Cathy watched the lander's weather sensor - the thing at the end of its "arm" - as it pushed through the soil. Wait a minute, she thought. No, that's impossible. There's no way the lander is drawing in the dirt.

"Do you see this, Kim?" Alicia pointed to the ground in front of Viking 1. "Kind of looks like a Christmas tree, with an angel on top and everything."

"Weird," Cathy said. "You have the harness? Let's go."

The two women stepped in front of the lander. "Be careful with that weather arm," Cathy told Alicia. "If it's broken, then the mechanics already have their work cut out for them, and I'd rather not do any more - Holy shit!"

Cathy and Alicia stared at Viking 1, and Viking 1 stared back at them.

"What the living Hell?" Alicia shouted, making Cathy's ears ring. The women turned to face each other.

"What gives?" Cathy said. "I don't think we've been out here long enough to start hallucinating."

"Oh good, you saw it, too. I'm not losing my mind."

"Did it...was it just me, or was the lander looking right at us?"

"Uh huh," Alicia nodded. "Its mouth - how does it even have a mouth? - was open, too. Agape."

"Did we scare it? Sorry about that, buddy."

"And God, this is going to sound nuts, but I think it was crying. I swear I saw tears in its eyes."

"Tears of joy? Sadness? Fear?"

"How the Hell should I know? I can't believe we're having this conversation. It's a machine, for Christ's sake!"

"Right," Cathy said. "Let's get it hooked up and get out of here."
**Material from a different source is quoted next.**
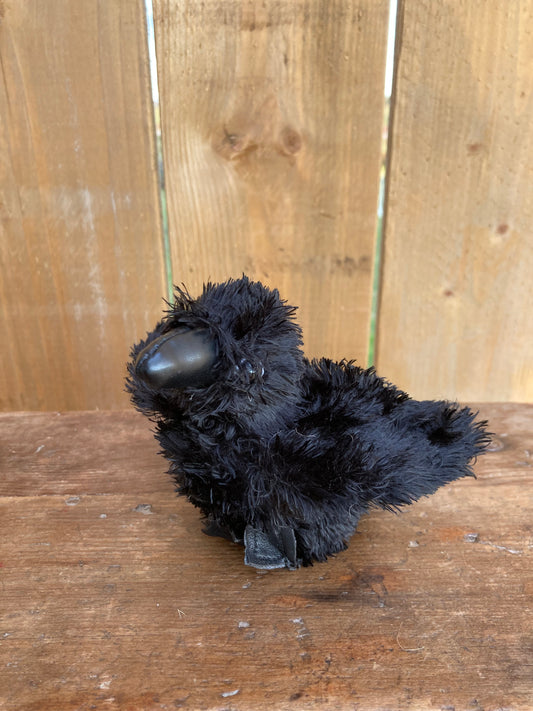 Marionnette à doigt peluche - RAVEN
Alicia and Cathy turned to face the lander again. Its arm was back in its proper position, and its cameras (how had they ever mistaken the cameras for eyes?) faced forward. A layer of red dust, the residue of three and a half centuries, coated the lander.

"Okay," Alicia said, unfurling the harness. "You take the left, I'll take the right. Virgil 3 is almost ready."

They wrapped the harness around Viking 1, careful not to disturb its arm and dish. Out of the corner of her eye, Cathy saw Virgil 3 inching closer to them in reverse. The transporter was huge and, if Cathy was being honest, a real pain in the ass to use. It needed a lot of space to turn around and back up, which meant a longer EVA for Cathy and Alicia as they trekked toward the lander and a longer wait before they could deploy the crane. Still, it was the only vehicle in Sagan Station large enough to transport the two humans, their equipment, and the lander, so Cathy and Alicia didn't really have a choice.

Cathy stepped around the side of the lander to face Alicia. They attached their segments of the harness as Virgil 3's crane lowered itself into position. Cathy reached up, slipped the harness over the crane's claw, and secured the claw's latch. She stepped back and knelt down to what would have been the machine's eye level if it had eyes, which it absolutely didn't.

"Alright, old friend," she said. "Let's get you home."